Question 11.T.2: (i) Let E and F be two measurable and disjoint subsets of Ω....

(i) Since E ∩ F = ∅,

χ_{E∪F} = χ_{E} + χ_{F}

(f χ_{E∪F} )^{+} = f^{+}χ_{E} + f^{+}χ_{F}

\int_{Ω}{(f χ_{E∪F} )^{+}} dm = \int_{Ω}{f^{+}χ_{E}} dm + \int_{Ω}{f^{+}χ_{F}} dm

= \int_{E}{f^{+}} dm + \int_{F}{f^{+}} dm        (11.16)

Similarly,

\int_{Ω}{(f χ_{E∪F} )^{−}} dm = \int_{Ω}{f^{−}χ_{E}} dm + \int_{Ω}{f^{−}χ_{F}} dm

= \int_{E}{f^{−}} dm + \int_{F}{f^{−}} dm        (11.17)

Consequently, f χ_{E∪F} is integrable on Ω, that is, f is integrable on E ∪ F, if and only if f is integrable on E and F, and (11.13) follows by subtracting (11.17) from (11.16).

(ii) Note first that g ∈ \mathcal{L^{0}}(Ω) by Theorem 10.19. Setting A = {x ∈ Ω : f(x) ≠ g(x)}, we see that m(A) = 0 and Ω \setminus A ∈ \mathcal{M}. Using Remarks 11.2.2 and 11.2.3, we conclude that f ∈\mathcal{ L^{1}}(Ω \setminus A) and

\int_{A}{f} dm = \int_{A}{g} dm = 0.

Since gχ_{Ω \setminus A} = f χ_{Ω \setminus A},  g ∈\mathcal{ L^{1}}(Ω \setminus A) and

\int_{Ω \setminus A}{g} dm = \int_{Ω \setminus A}{f} dm.
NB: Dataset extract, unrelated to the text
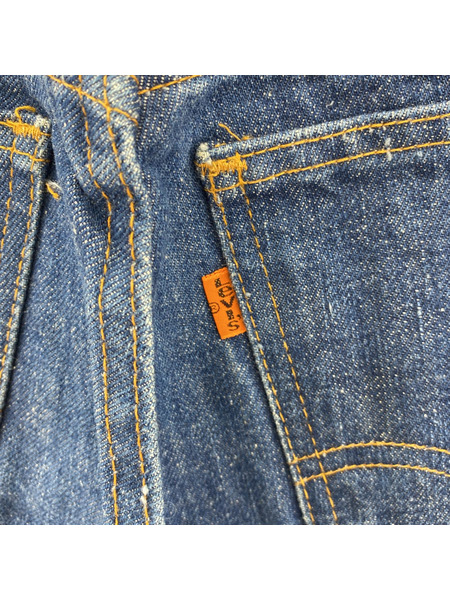 Levi's/746-0317/USA製デニムパンツ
Using (i) we therefore have g ∈ \mathcal{L^{1}}(Ω) and

\int_{Ω}{g} dm = \int_{Ω \setminus A}{g} dm + \int_{A}{g} dm

= \int_{Ω \setminus A}{f} dm + \int_{A}{f} dm

= \int_{Ω}{f} dm.

(iii) Setting A = {x ∈ Ω : |f(x)| = ∞} and \varphi_{n} = nχ_{A}, we see that \varphi_{n} ∈ \mathcal{L_{+}}(Ω) and \varphi_{n} \nearrow |f | χ_{A}. By Theorem 11.1,

\int_{A} |f | dm = \underset{n→∞}{\lim} n · m(A).

Since f ∈ \mathcal{L^{1}}(A), \int_{A} |f | dm < ∞ and therefore m(A) = 0.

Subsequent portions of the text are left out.